[DIRECTIONS FOR THIS TASK] Leave the pictures behind and repeat all the entries exactly.

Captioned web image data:
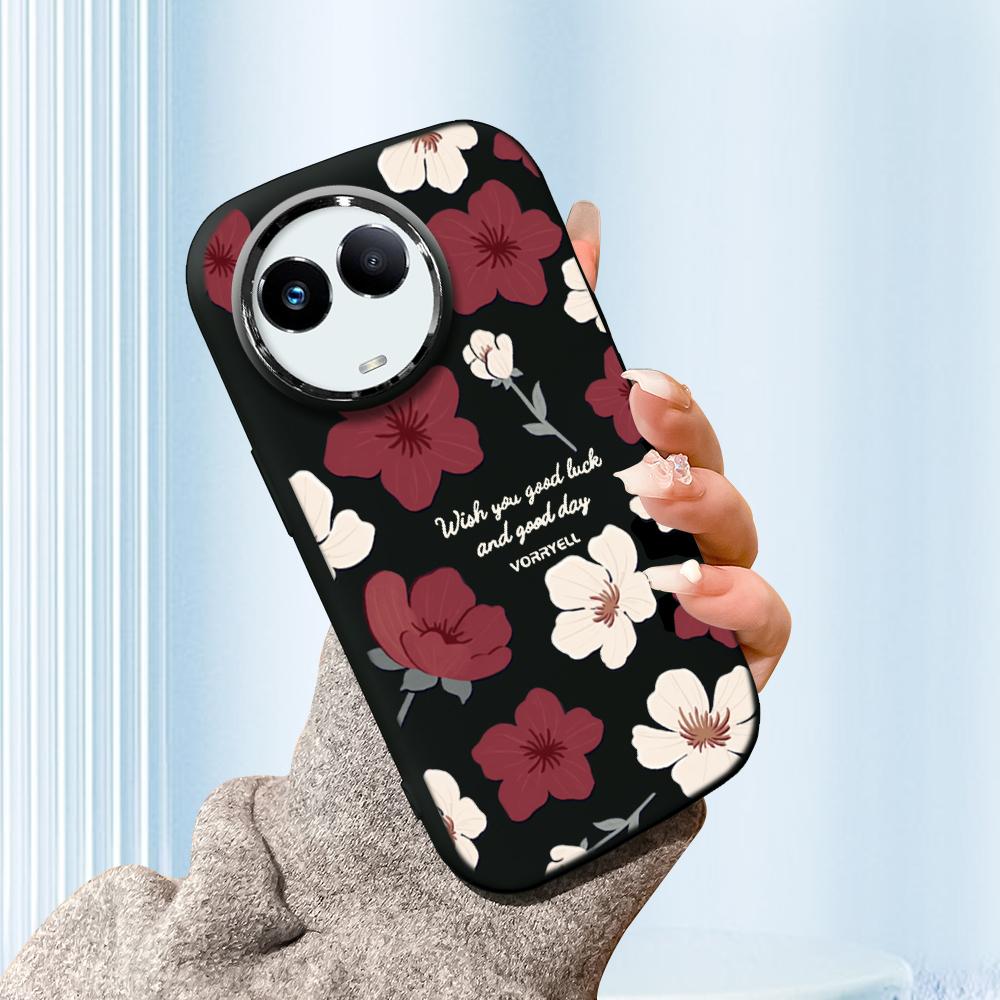 

Сплошной цвет с серебряным краем линзы, жирный корпус, мягкий ТПУ, жидкий силиконовый чехол, противоударный чехол для телефона для OPPO Reno Realme OnePlus Realme 12 5G чёрный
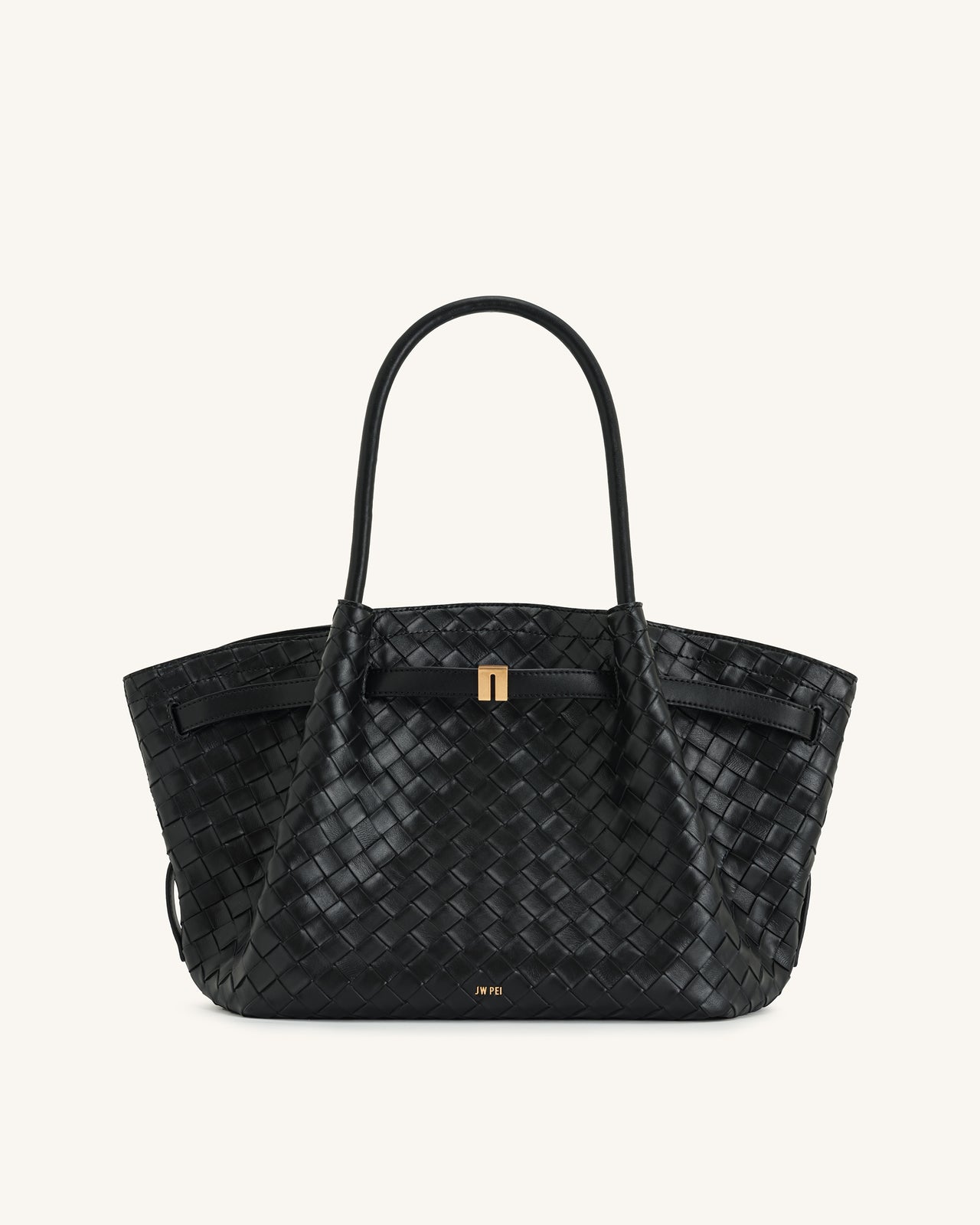 Hana Tote Bag Mittelgroß mit Flechtstruktur – Schwarz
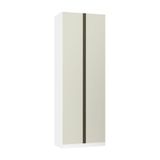 Guarda Roupa 2 Portas 2 Cabideiros 80cm Branco Com Kashmir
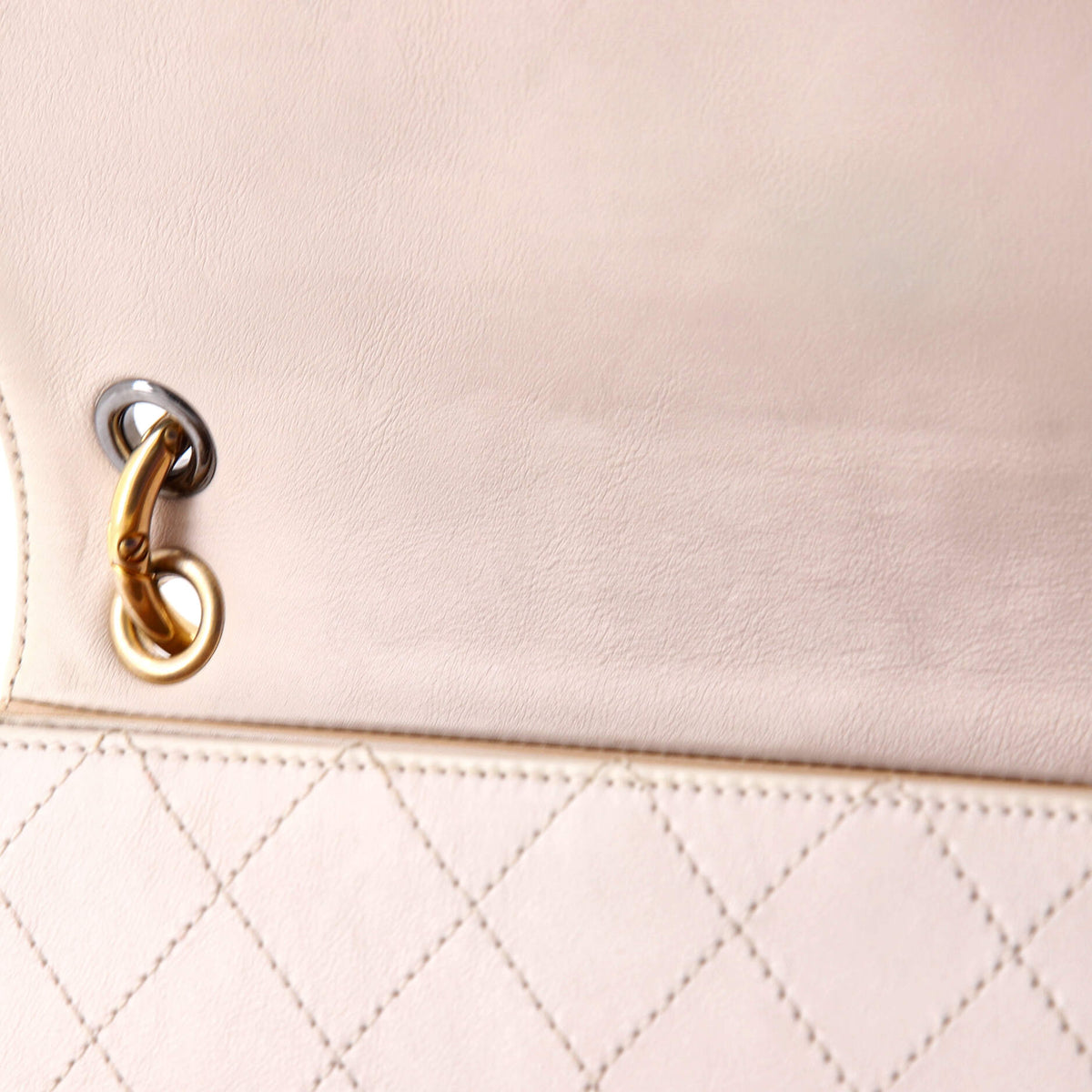 CC Chain Flap Shoulder Bag Quilted Calfskin Small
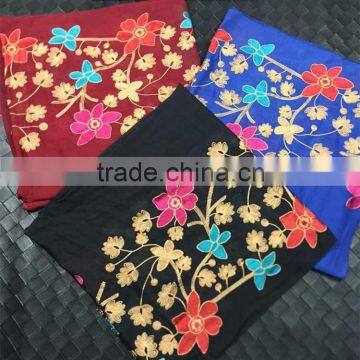 New Style Viscose Colorful Flower Fashion Woman Shawl Embroidery Designs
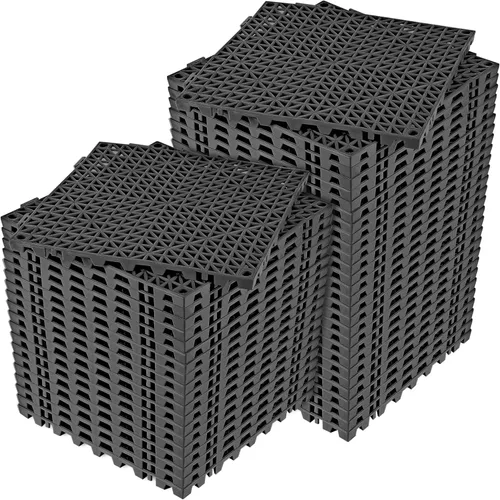 Vista 33 de ToLanbbt Cojín modular entrelazado 8P de 11.8 x 11.8 pulgadas, agujeros de drenaje de goma entrelazados antideslizantes para cubierta, ducha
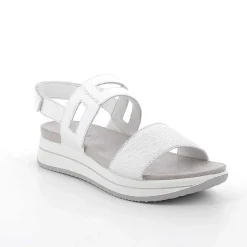 Woman Igi&Co Wedges-Women'S Leather Wedge Sandals Silver-White
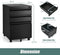 3 Lades verrijdbare archiefkast met slot, mobiele archiefkast met 2 sleutels en handgrepen, 40 x 50 x 64,5 cm (Zwart)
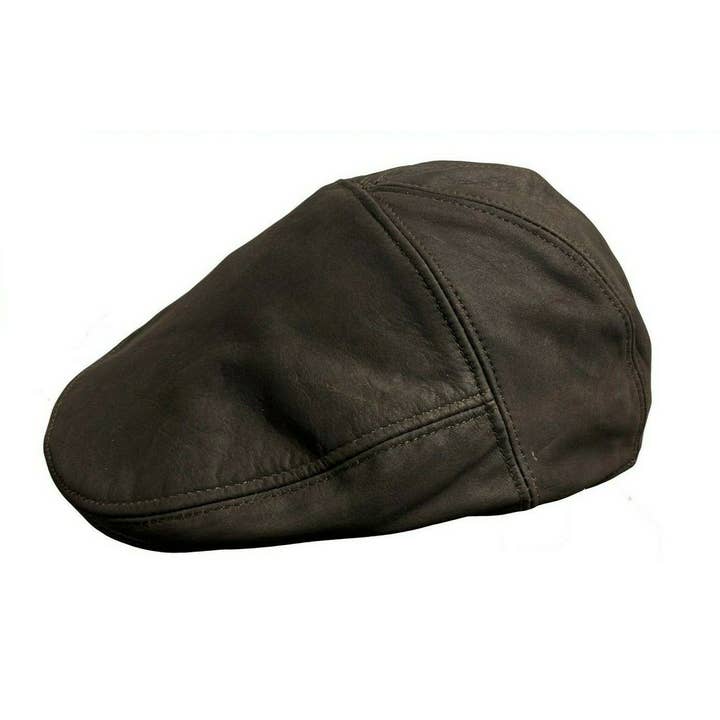 Lesa collection - Wholesale Newsboy/Schoolboy Hat - Unisex - Brown Oiled Nubuck Leather Ivy Cap Golf Bunnet Newsboy Flat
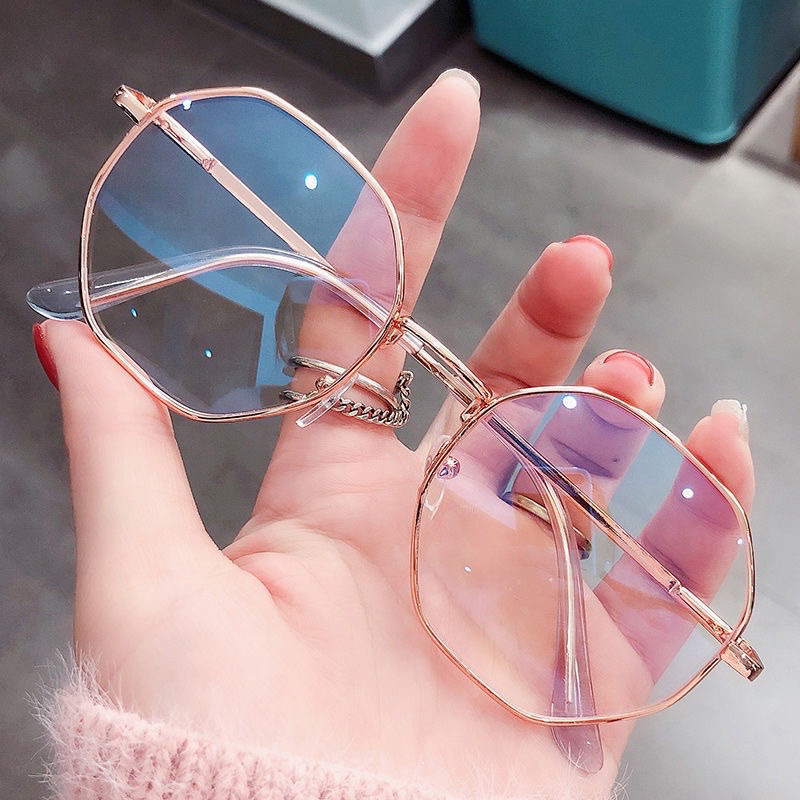 [พร้อมส่งจากไทย ] แว่นกรองแสงสีฟ้า แว่นทำงาน แว่นทรงแปดเหลี่ยม เลนส์ใส ใส่แล้วหน้าเด็ก น่ารัก ฮิตสุดๆ  Mellow BB01.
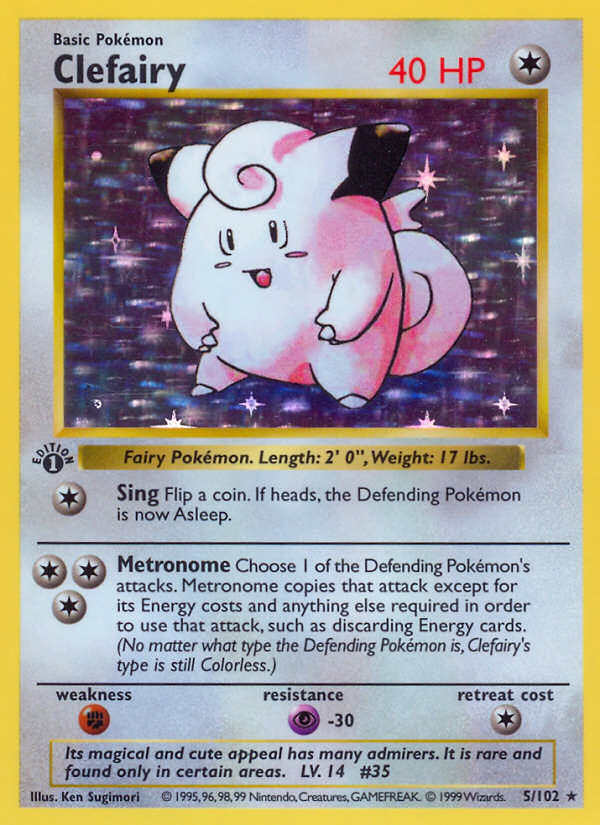 Clefairy (5/102) (Shadowless) [Base Set 1st Edition] | Good Games North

[SOLUTION TO THIS TASK]
Сплошной цвет с серебряным краем линзы, жирный корпус, мягкий ТПУ, жидкий силиконовый чехол, противоударный чехол для телефона для OPPO Reno Realme OnePlus Realme 12 5G чёрный
 Hana Tote Bag Mittelgroß mit Flechtstruktur – Schwarz
 Guarda Roupa 2 Portas 2 Cabideiros 80cm Branco Com Kashmir
 CC Chain Flap Shoulder Bag Quilted Calfskin Small
 New Style Viscose Colorful Flower Fashion Woman Shawl Embroidery Designs
 Vista 33 de ToLanbbt Cojín modular entrelazado 8P de 11.8 x 11.8 pulgadas, agujeros de drenaje de goma entrelazados antideslizantes para cubierta, ducha
 Woman Igi&Co Wedges-Women'S Leather Wedge Sandals Silver-White
 3 Lades verrijdbare archiefkast met slot, mobiele archiefkast met 2 sleutels en handgrepen, 40 x 50 x 64,5 cm (Zwart)
 Lesa collection - Wholesale Newsboy/Schoolboy Hat - Unisex - Brown Oiled Nubuck Leather Ivy Cap Golf Bunnet Newsboy Flat
 [พร้อมส่งจากไทย ] แว่นกรองแสงสีฟ้า แว่นทำงาน แว่นทรงแปดเหลี่ยม เลนส์ใส ใส่แล้วหน้าเด็ก น่ารัก ฮิตสุดๆ  Mellow BB01.
 Clefairy (5/102) (Shadowless) [Base Set 1st Edition] | Good Games North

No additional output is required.